= Problem =
When the listing below reaches the line that has "bd 400 লোগো", start reproducing exactly; stop after the line that has "- Sao Tottenham", and drop the pictures.

= Recorded information =
····················
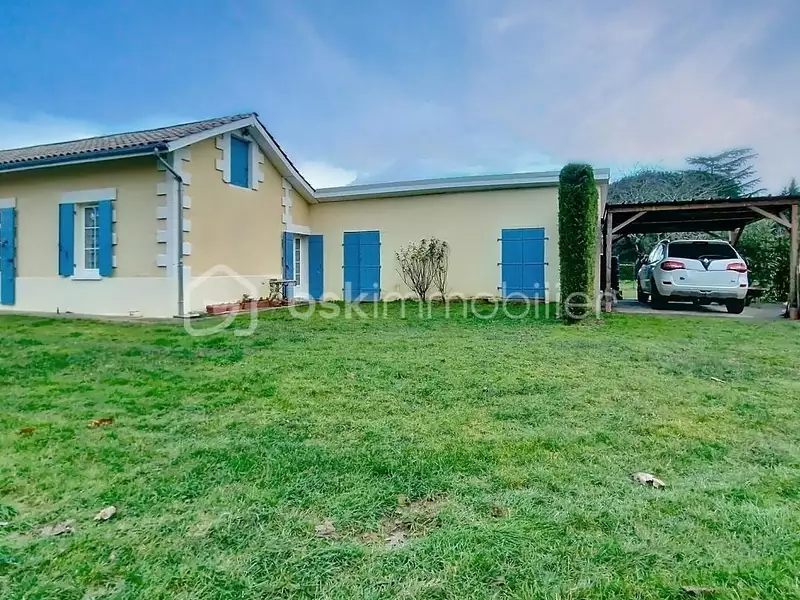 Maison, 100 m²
····················
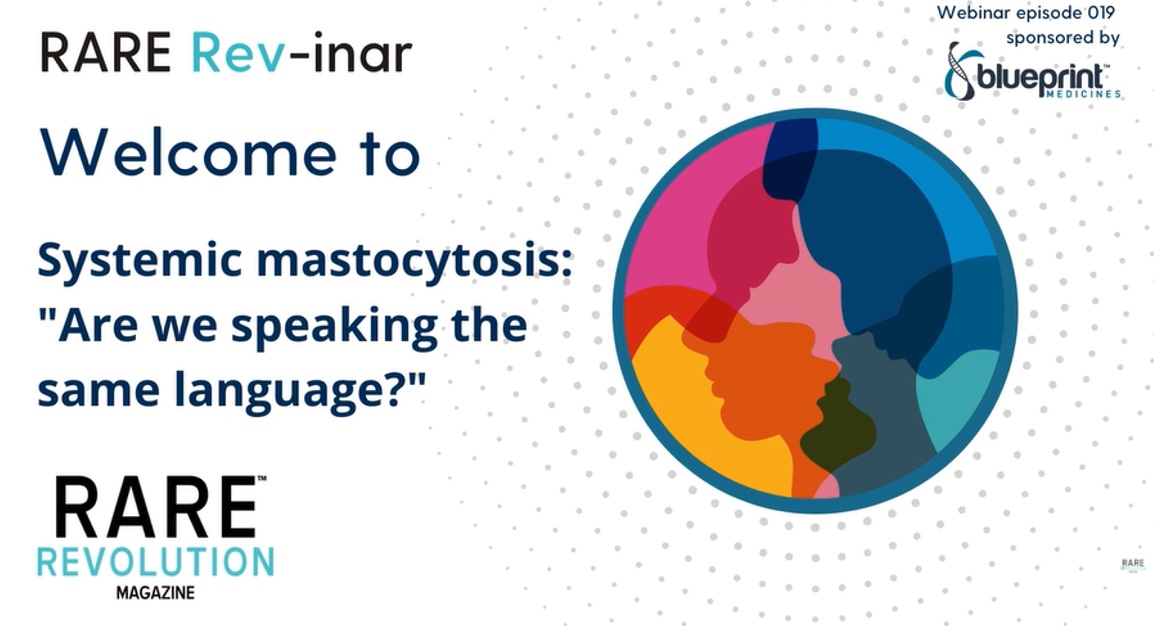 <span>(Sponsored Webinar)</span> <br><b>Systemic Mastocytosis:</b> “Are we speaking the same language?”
····················
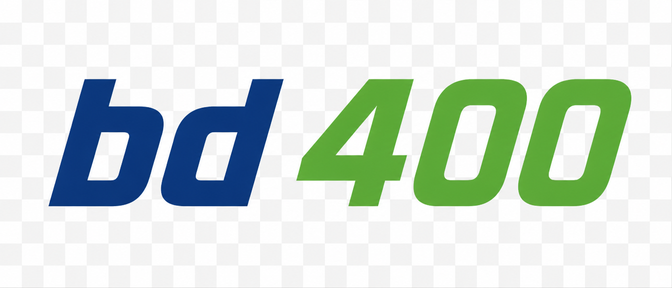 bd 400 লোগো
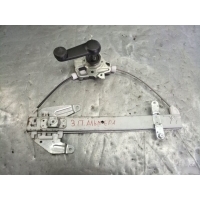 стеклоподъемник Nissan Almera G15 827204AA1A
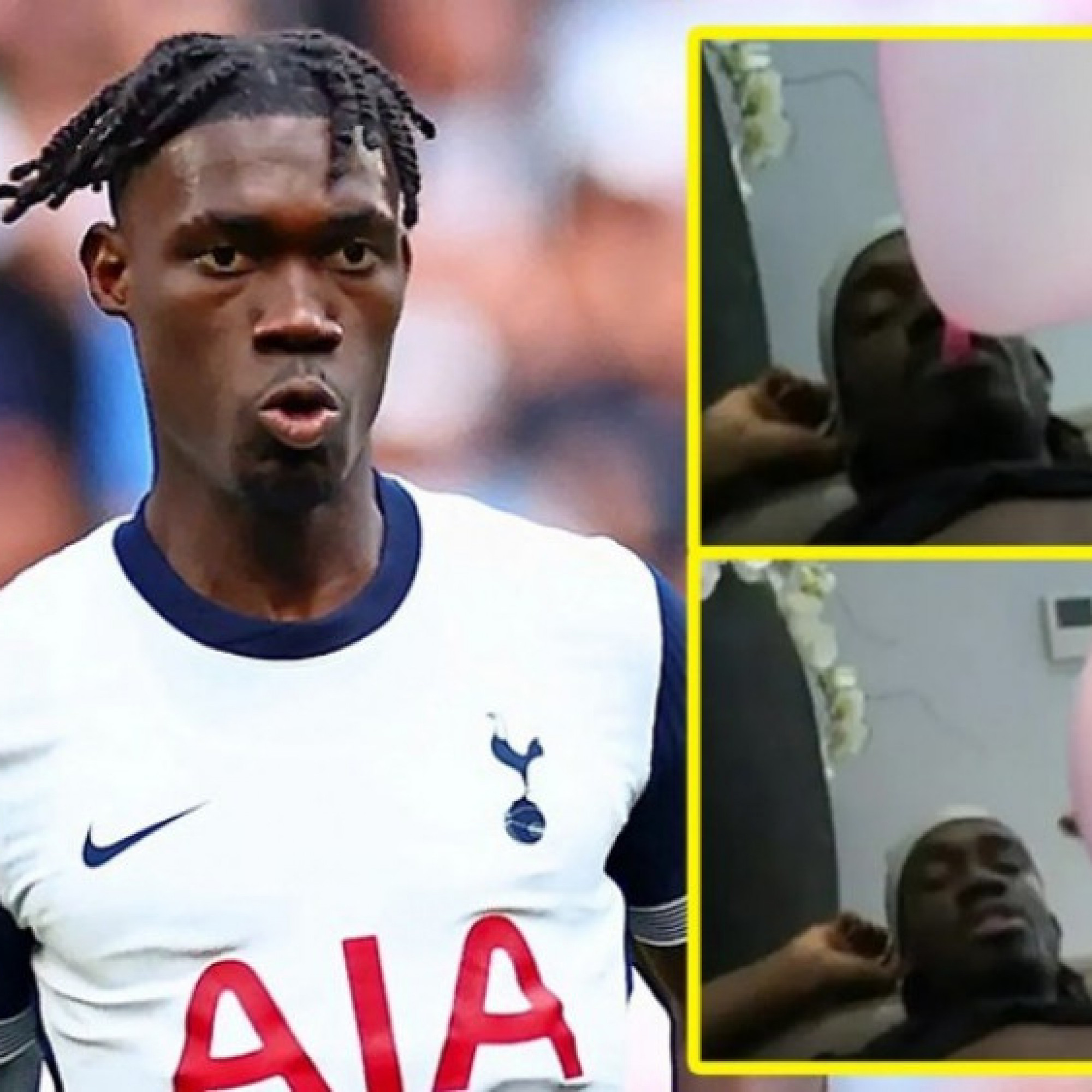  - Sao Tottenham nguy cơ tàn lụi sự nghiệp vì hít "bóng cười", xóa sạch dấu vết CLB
····················
= Solution for this task =
 bd 400 লোগো
 стеклоподъемник Nissan Almera G15 827204AA1A
  - Sao Tottenham nguy cơ tàn lụi sự nghiệp vì hít "bóng cười", xóa sạch dấu vết CLB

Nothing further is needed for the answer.